Last week I received an email from a woman in her thirties who has had OCD since she was a child. She came across one of my articles and was interested in learning more about exposure and response prevention (ERP) therapy, as she had never heard of it. She had been to all kinds of health care providers over the years, but she had never heard of ERP.
Unfortunately, emails such as hers are not uncommon, but boy are they frustrating. She’s had OCD for twenty plus years and never heard of ERP? This realization jolts me out of my little corner of the world (or blogosphere) where everyone knows about ERP therapy because we talk about it over and over again. Is progress actually being made? Are we really getting the word out? Sometimes I just don’t think so.
It’s bad enough that so many people with OCD are not familiar with the proper treatment, but when I see articles such as this one, I become even more discouraged. On the surface, it’s positive news:
“High-intensity focused ultrasound may help relieve symptoms of obsessive-compulsive disorder (OCD) in hard-to-treat patients, according to preliminary findings of new research.”

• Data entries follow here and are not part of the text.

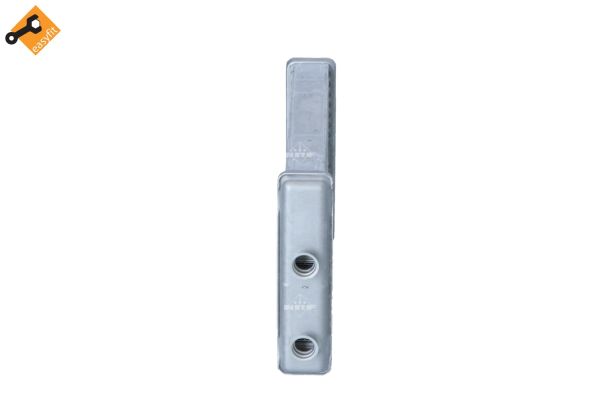 54211_1500x1000_wm_002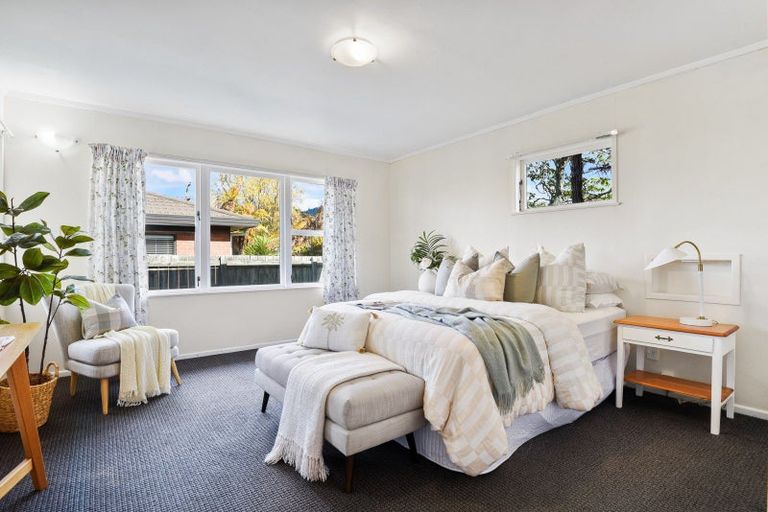 Photo of property in 36b Larcy Road, Lynmore, Rotorua, 3010
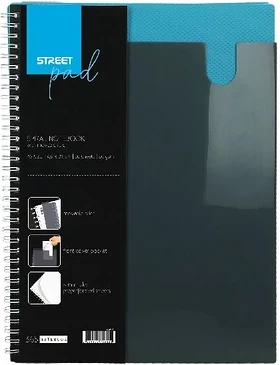 Street 01.0429503 nagyítás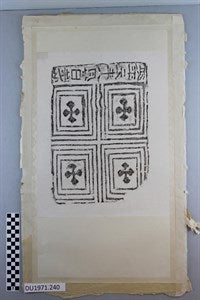 Image description is not available for DU1971.240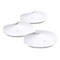 TP-Link DECO M5 - WLAN-System - bis zu 418 m² - Netz 1GbE - Wi-Fi 5 - Dual-Band (Packung mit 3)
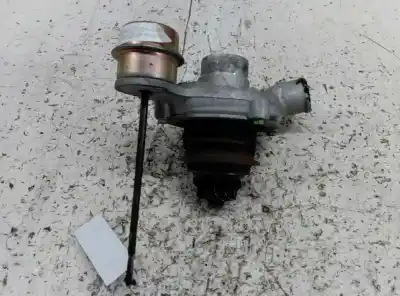 Second-hand car spare part turbocharger for ford transit mod. 2000 combi ft 280 2.0 corto city-light oem iam references   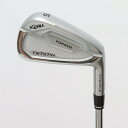 【中古】本間ゴルフ TOUR WORLD TOUR WORLD TW757VX アイアン N.S.PRO MODUS3 TOUR 105 シャフト:N.S.PR...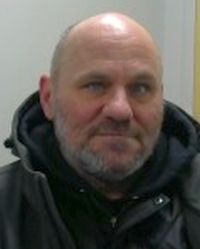 TABLER, ROBERT MARSHALL photo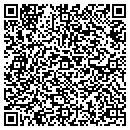 QR code with Top Billing Intl contacts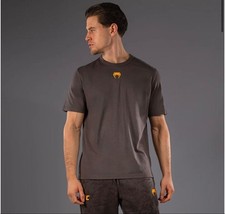 Authentique t-shirt Venum UFC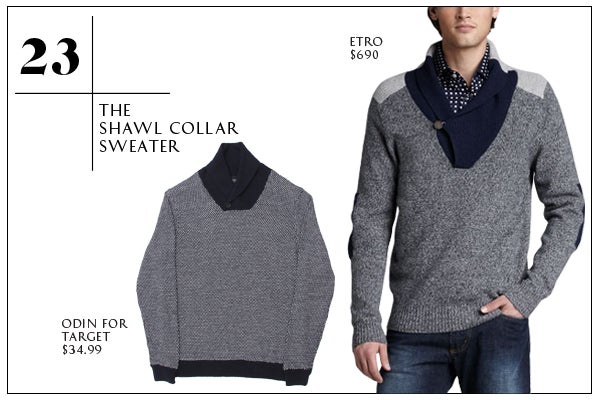 Fall12_MensWardrobeEssentials_23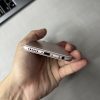 iPhone 6s 32GB ROSE (seminovo) - Image 4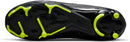 NIKE ZOOM VAPOR 15 ACADEMY FG/MG Naturrasen NIKE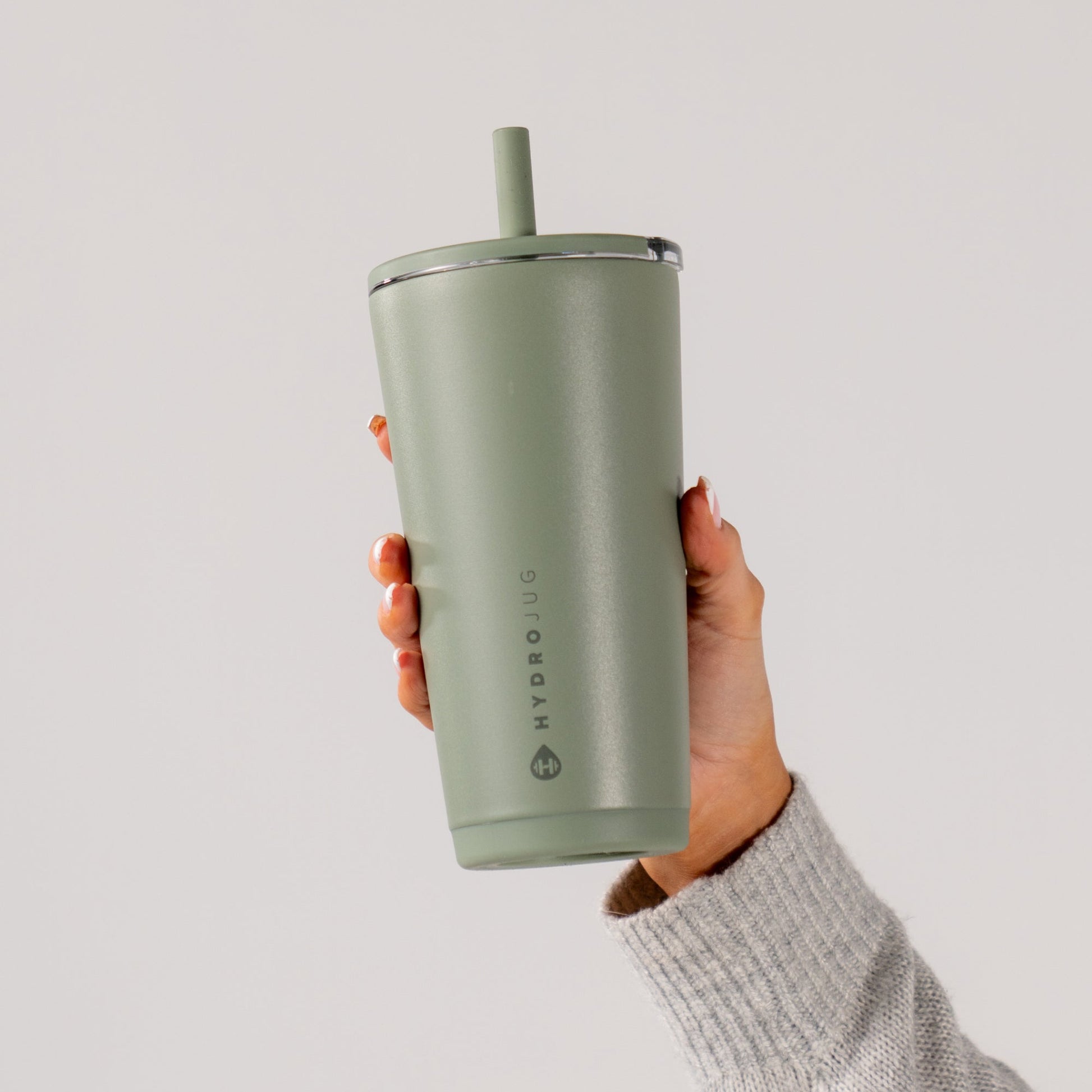 courtyard-y5 EverydayTumbler20oz.-Courtyard-AmzPI-4.jpg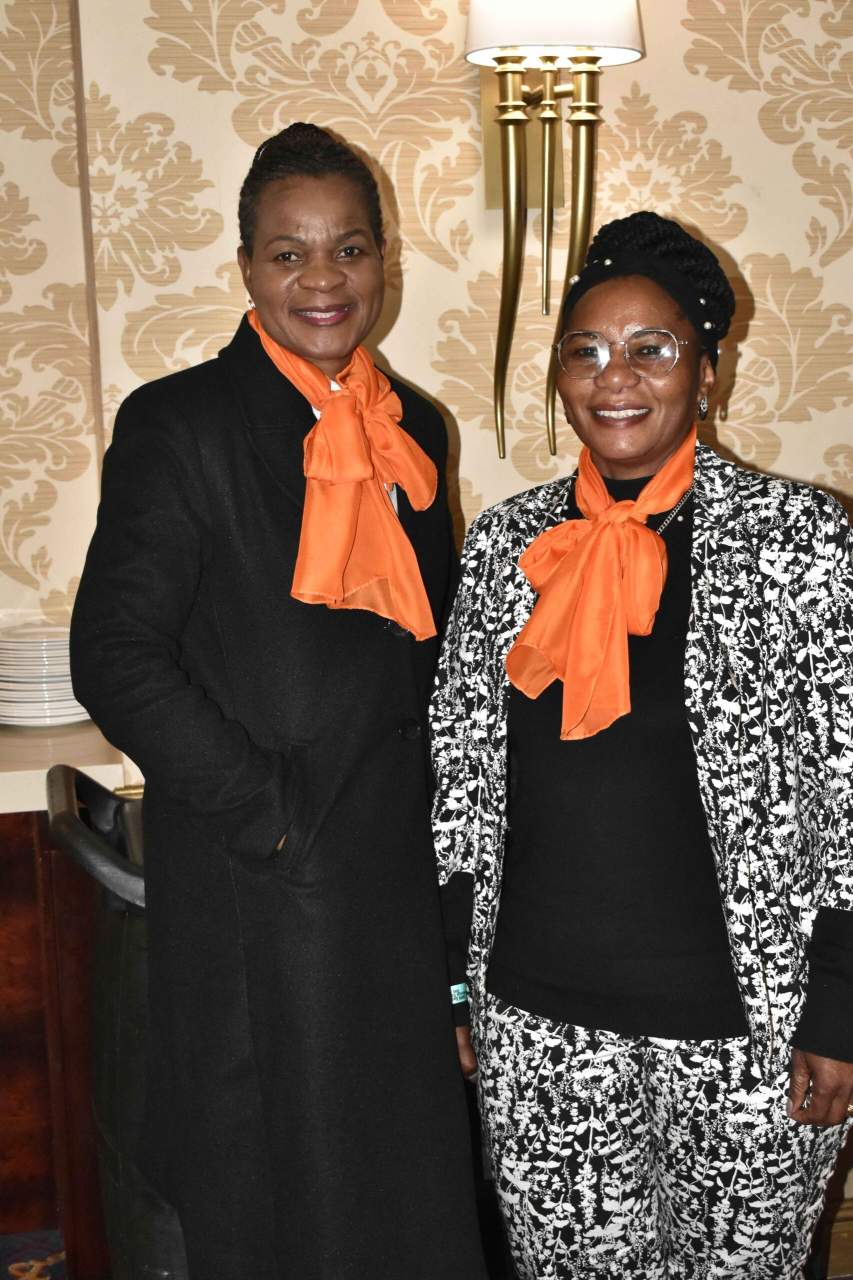 SAPA Gauteng Conference 2026 (909)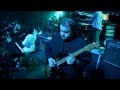 Marillion - Asylum Satellite #1 (Traducción al español)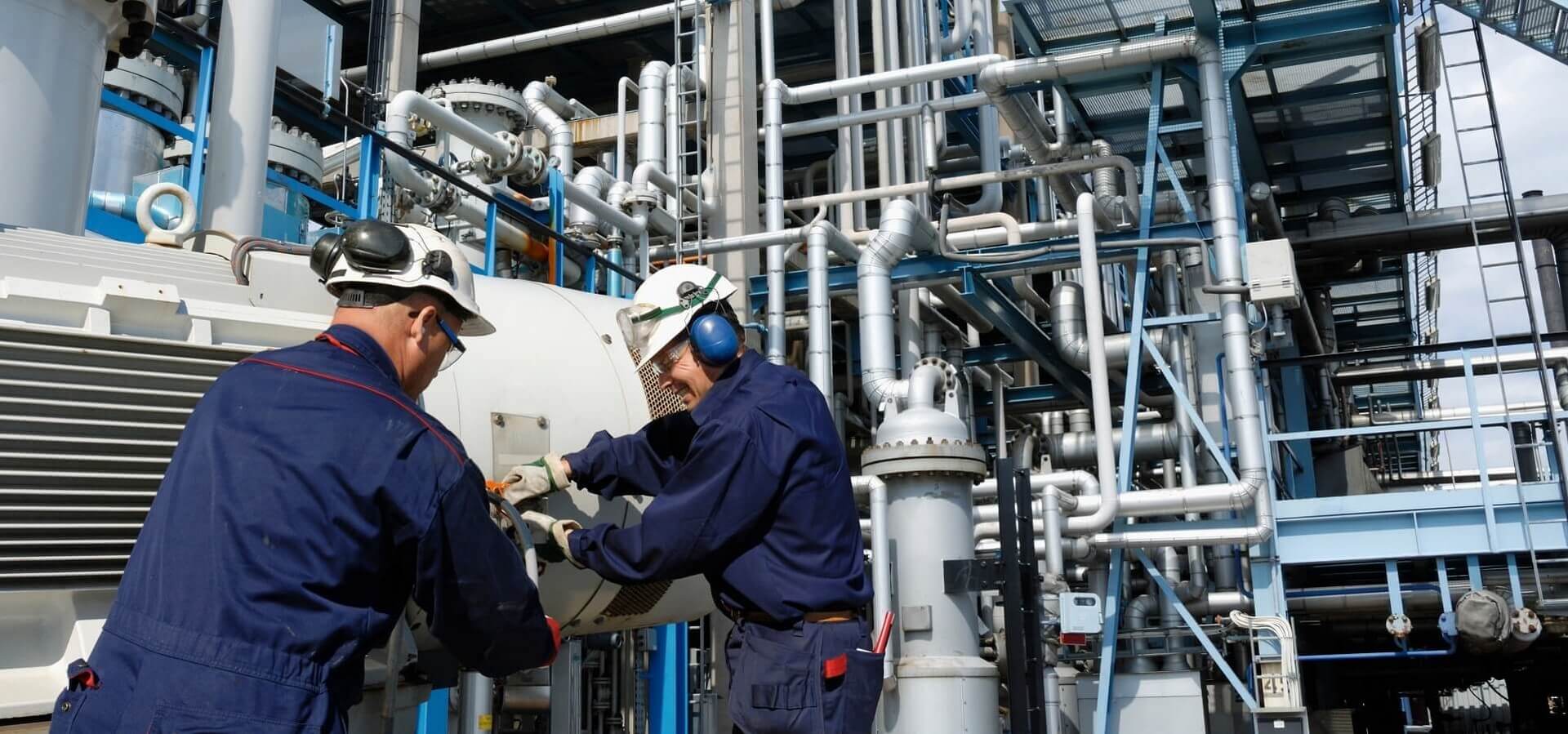 Жылжымалы жанармай құю станциялары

But if you read the article, you will likely see what I noticed right away. There is no mention whatsoever of ERP therapy, or any Cognitive Behavioral Therapy for that matter. The study mentioned in the article was conducted by Jin Woo Chang, M.D., Ph.D., with results published in the Journal of Molecular Psychiatry. Dr. Chang says:
“There is a need for non-invasive treatment options for patients with OCD that cannot be managed through medication.”
Hmm. Non-invasive treatment options. ERP anyone?
The article goes on to talk about focused ultrasound as a possible good non-invasive treatment option for those with OCD. I think it’s great that this technique shows promise…..but not even a mention of ERP therapy? It boggles my mind.
Someone searching for treatments for OCD who stumbles on this article might easily assume medication, surgery, and possibly this new ultrasound procedure are their only options. What about exposure and response prevention (ERP) therapy, which is recommended as the first line psychological treatment for OCD by the American Psychological Association? Why is that not included?
Honestly, I have no idea. Do you?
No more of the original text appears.